Выкладки Фелинга и его единомышленников, в свою очередь, тоже подвергались критике — наиболее суровой в указанной выше работе Притчетта[513]. Тем не менее взгляды такого рода продолжают прокламироваться, и сущность их осталась, по большому счету, ровно той же самой, что и у античных «ниспровергателей» Геродота: последний обвиняется в лжи и/или плагиате.
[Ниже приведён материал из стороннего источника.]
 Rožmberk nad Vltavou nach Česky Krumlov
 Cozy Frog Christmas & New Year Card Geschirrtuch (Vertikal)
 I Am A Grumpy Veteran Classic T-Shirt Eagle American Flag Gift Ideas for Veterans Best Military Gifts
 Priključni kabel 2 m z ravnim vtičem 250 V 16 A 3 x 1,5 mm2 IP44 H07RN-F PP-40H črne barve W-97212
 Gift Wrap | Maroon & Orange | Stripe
Насколько плодотворен такой подход и не предлагает ли он решений, на вид заманчивых из-за своей простоты и кажущейся очевидности, а в действительности несостоятельных в силу явного или скрытого редукционизма? Самый простой, «лежащий на поверхности» ответ на вопрос — далеко не всегда самый правильный. То, что лежит на поверхности, скорее всего, и будет поверхностным. Сплошь и рядом встречаются случаи, когда нужно «копнуть чуть поглубже», интенсивнее проанализировать контекст, — и появится истинное решение проблемы, хотя, может быть, и не столь очевидное.
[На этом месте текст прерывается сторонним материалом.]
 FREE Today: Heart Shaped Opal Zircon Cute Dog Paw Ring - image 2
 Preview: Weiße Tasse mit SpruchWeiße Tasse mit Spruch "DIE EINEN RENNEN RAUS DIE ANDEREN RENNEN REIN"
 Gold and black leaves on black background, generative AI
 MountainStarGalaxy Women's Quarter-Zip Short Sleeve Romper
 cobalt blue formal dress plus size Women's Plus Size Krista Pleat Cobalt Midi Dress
В данной работе мы попытаемся продемонстрировать верность высказанных положений общего характера на примере своеобразного case-study. Речь пойдет об одной из самых известных частей геродотовой «Истории» — о так называемом египетском логосе[514], целиком занимающем ее вторую книгу. Это самый обширный из многочисленных разбросанных по всему произведению экскурсов, отступлений от основного сюжета — Греко-персидских войн. Тематика египетского логоса весьма разнообразна: в нем повествуется о природе долины Нила, о нравах и обычаях жителей страны (особенно о религиозных ритуалах), приводятся сведения из ее истории, сводящиеся к перечню ряда фараонов и их деяний.
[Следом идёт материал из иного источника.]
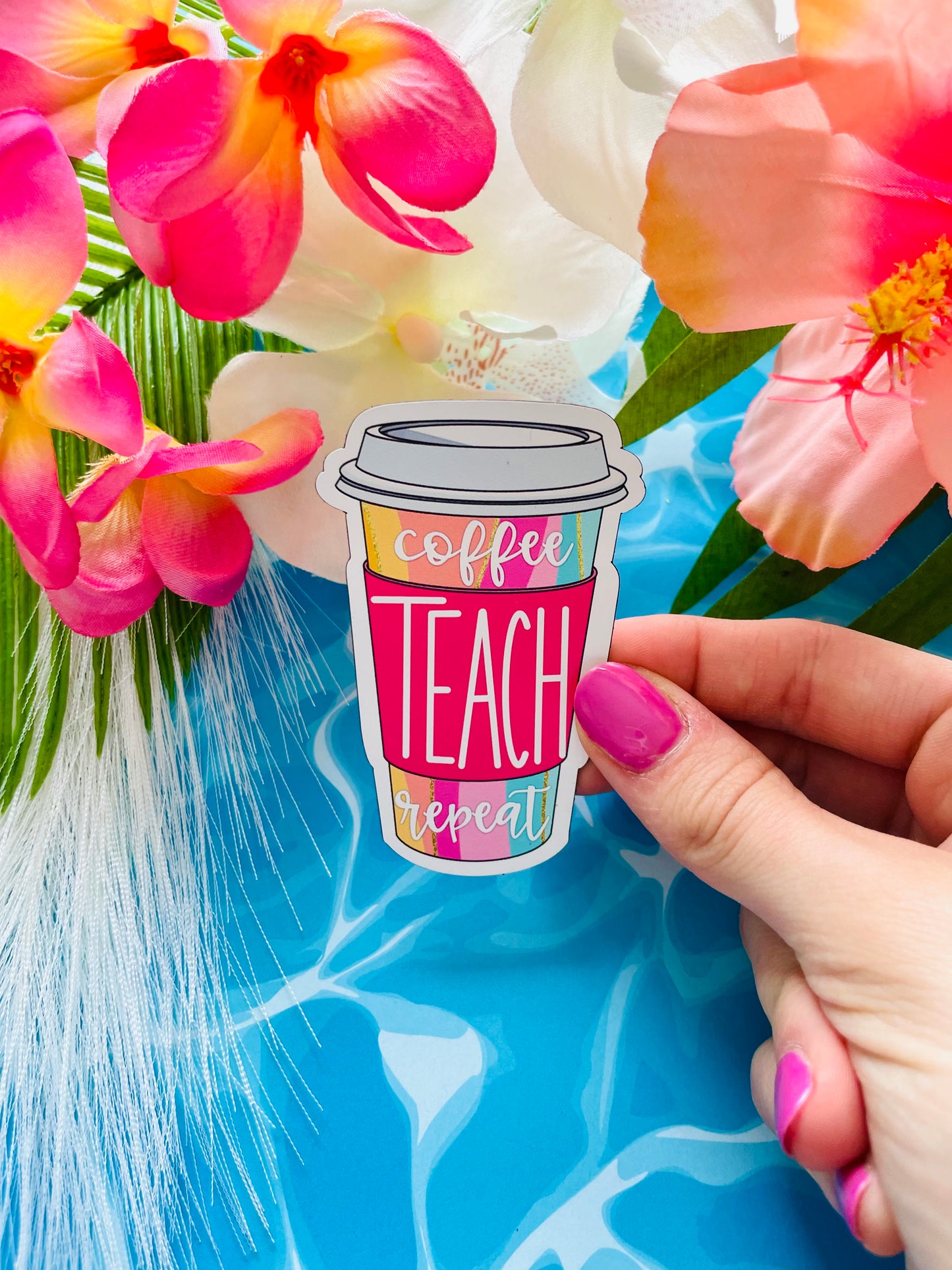 Coffee Teach Repeat Cup MAGNET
Геродот, согласно его собственным утверждениям, много путешествовал по Египту и, в частности, посвятил немало крупных святилищ, где общался с жрецами. Эксплицитно историк говорит в данной связи о жречестве «Гефеста» (Пта) в Мемфисе (II. 2–3), «Зевса» (Амона) в Фивах (II. 54; II. 143), «Афины» (Нейт) в Саисе (II. 54), но чаще предпочитает говорить просто о «жрецах», без дальнейшей конкретизации. Собственно, если верить самому автору, то главным источником подавляющего большинства полученных им сведений явились именно жрецы. Геродот упоминает о них постоянно.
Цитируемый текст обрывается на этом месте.